When a woman dares to make a different choice for herself or her family, strangers and loved ones boldly question those decisions, causing many women to second guess themselves — surrounding their happiness for a hallow portrait of domesticity. In Sofia Coppola’s melancholy yet compelling On The Rocks, we follow Laura (Rashida Jones), a writer, mother, and wife, trying to find her way through the monotony of family life. Though she appears to have it all, her continually absent husband Dean (Marlon Wayans), whose burgeoning start-up keeps him on planes, in different meetings, and on other continents, and her child-focused days begin to cause her to question everything.
In ‘On The Rocks’ Laura is increasingly unsettled
When we first meet Laura, she’s desperate ting to stay afloat. Though she’s not exactly “unhappy,” it’s clear that something is missing in her life. She exists between mad dashes through the streets of New York City to her daughter’s school where self-absorbed moms (Jenny Slate) go on about their affairs.

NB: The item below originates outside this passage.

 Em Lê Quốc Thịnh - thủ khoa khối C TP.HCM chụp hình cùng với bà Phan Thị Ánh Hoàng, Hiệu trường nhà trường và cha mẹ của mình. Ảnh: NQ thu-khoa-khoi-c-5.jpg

In her quiet office mid-day, she tries to write the words for her next book during her toddler’s nap times. However, those moments seem empty and anxiety-filled. Increasingly uncertain about herself and the direction of her life, when Dean’s behavior begins to shift, Laura finds herself turning to the one person who might understand her perspective — her womanizing and ever-charming father, Felix (Bill Murray).
‘On The Rocks’ is a film about family
Though their father/daughter relationship is fraught with the blimps and hurt of Felix’s past indiscretions, Laura knows exactly who her father is. Desperate for a sliver of excitement and to determine what’s really going on with her husband, Laura allows herself to be swept into to Felix’s frenzy, eventually finding herself coconspirator of a stakeout in her father’s cherry red sports car, with a spread of caviar, cheese, and crackers on her lap.

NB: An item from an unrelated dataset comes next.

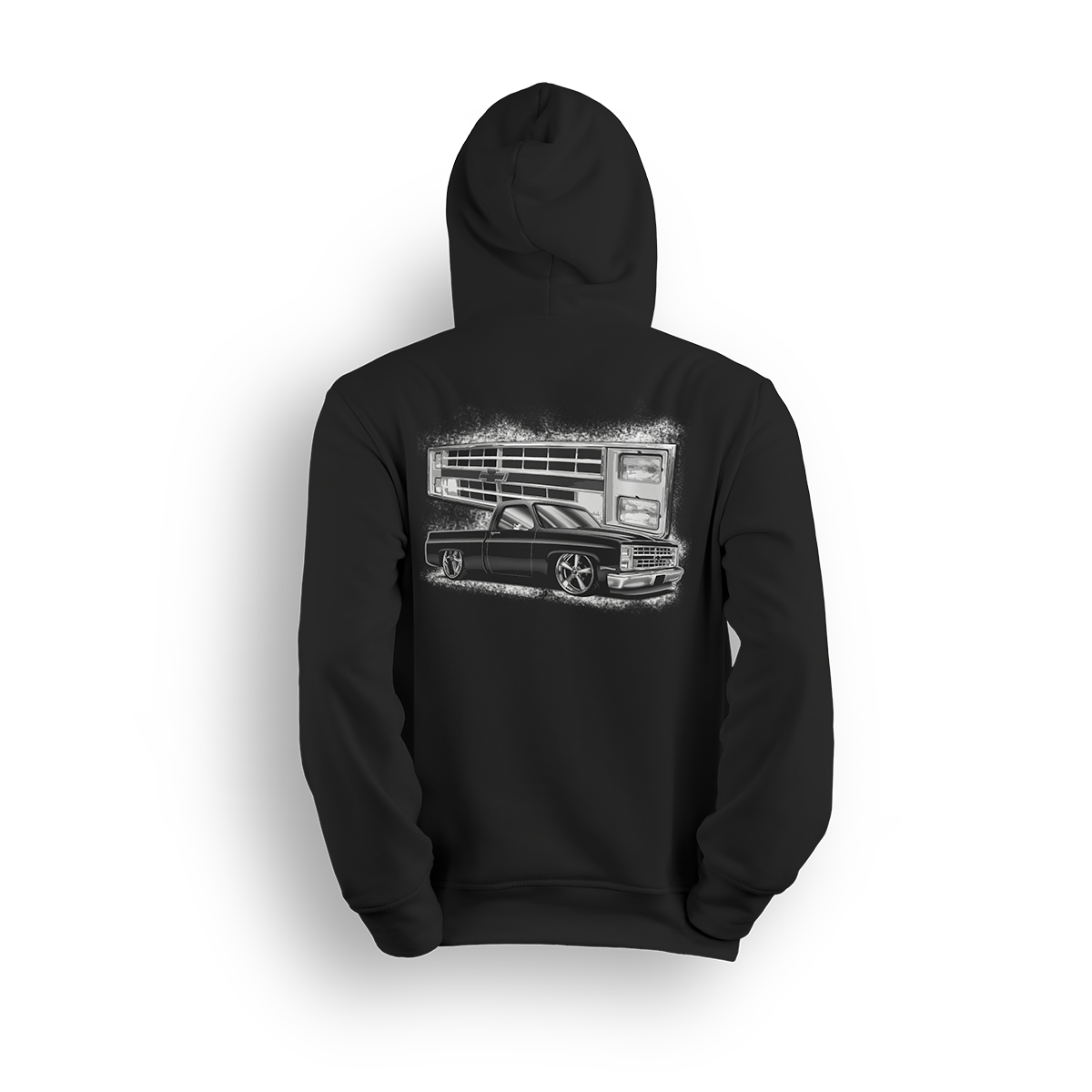 Hoodie featuring a black Squarebody C10 dropped low with a stylized illustration of its iconic front end in the background. Bold Chevy vibes, clean stance, and street-ready attitude make this hoodie a true nod to the custom truck scene.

More than just a film on marriages and parenting, On the Rocks says a lot about family. Millennials have shifted and evolved somehow when it comes to marriages, and understanding our parents as human beings. Sometimes the relationships that we saw growing up were rife with sexism, unhappiness, and inequality. This film is about our choices and learning to trust our own decisions while communicating our needs and desires effectively to our partners.
In ‘On The Rocks’ Laura must learn to trust herself again
From the beginning, Laura seems aware that Dean, the man who convinced her to go skinny dipping during their wedding reception, is not at all like her self-centered father. However, overcome with apprehension and fear and finding little space for herself, she allows herself to be swept away by Felix, his sexist rhetoric, and the poor examples that were shown to her in the past.
What’s interesting here is that Laura is never truly looking to Felix for any answers. Though she asks him point-blank why he chose to engage in the affair that shattered her parents’ marriage, she never accepts his lack of accountability. Instead, Coppola’s film is about a woman unpacking the person hidden under the titles of wife and mother. On the Rocks is about trusting the seeds you planted to grow and flourish even when they seem buried at the moment.